Convenient fluteline producers and consumers to use with the main watson_streaming.Transcriber.

class watson_streaming.utilities.FileAudioGen(audio_file)

Producer that spits out audio samples from a file.

Parameters:audio_file (string) – Path to a .wav file.
class watson_streaming.utilities.MicAudioGen(*args, **kwargs)

Producer that spits out audio samples from your microphone.

class watson_streaming.utilities.Printer(*args, **kwargs)
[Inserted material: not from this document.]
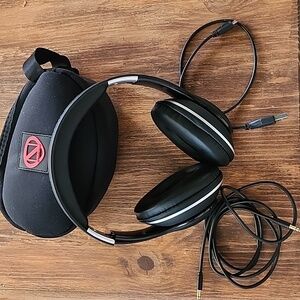 Ncredible 1 Headphones Black
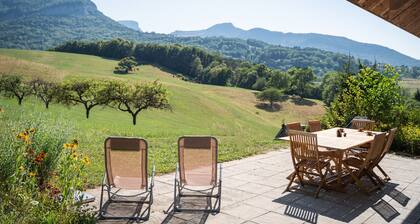 Holiday Home 'La Grange Aux Ecureuils 6 Pers' with Mountain View, Private Terrace and Private Garden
End-of-chain consumer to print the transcript received from IBM Watson.

Examples

The two examples bellow (copied from here) can help you understand how to use the library for your needs. The first one is for transcribing audio from the microphone using watson_streaming.utilities.MicAudioGen. The 2nd example is similar, but transcribes audio from a file instead, using watson_streaming.utilities.FileAudioGen.

'''
Speech to text transcription, from your mike, in real-time, using IBM Watson.
'''

import argparse
import time

import fluteline

import watson_streaming
import watson_streaming.utilities


def parse_arguments():
    parser = argparse.ArgumentParser(description=__doc__)
    parser.add_argument('credentials', help='path to credentials.json')
    return parser.parse_args()


def main():
    args = parse_arguments()
    settings = {
        'inactivity_timeout': -1,  # Don't kill me after 30 seconds
        'interim_results': True,
    }

    nodes = [
        watson_streaming.utilities.MicAudioGen(),
        watson_streaming.Transcriber(settings, args.credentials),
        watson_streaming.utilities.Printer(),
    ]

    fluteline.connect(nodes)
    fluteline.start(nodes)

    try:
        while True:
            time.sleep(10)
    except KeyboardInterrupt:
        pass
    finally:
        fluteline.stop(nodes)


if __name__ == '__main__':
    main()
'''
Speech to text transcription, from an audio file, in real-time, using
IBM Watson.
'''

import argparse
import contextlib
import time
import wave

import fluteline

import watson_streaming
import watson_streaming.utilities


def parse_arguments():
    parser = argparse.ArgumentParser(description=__doc__)
    parser.add_argument('credentials', help='path to credentials.json')
    parser.add_argument('audio_file', help='path to .wav audio file')
    return parser.parse_args()


def main():
    args = parse_arguments()
    settings = {
        'interim_results': True,
    }

    nodes = [
        watson_streaming.utilities.FileAudioGen(args.audio_file),
        watson_streaming.Transcriber(settings, args.credentials),
        watson_streaming.utilities.Printer(),
    ]

    fluteline.connect(nodes)
    fluteline.start(nodes)

    try:
        with contextlib.closing(wave.open(args.audio_file)) as f:
            wav_length = f.getnframes() / f.getnchannels() / f.getframerate()
        # Sleep till the end of the file + some seconds slack
        time.sleep(wav_length + 5)
    finally:
        fluteline.stop(nodes)


if __name__ == '__main__':
    main()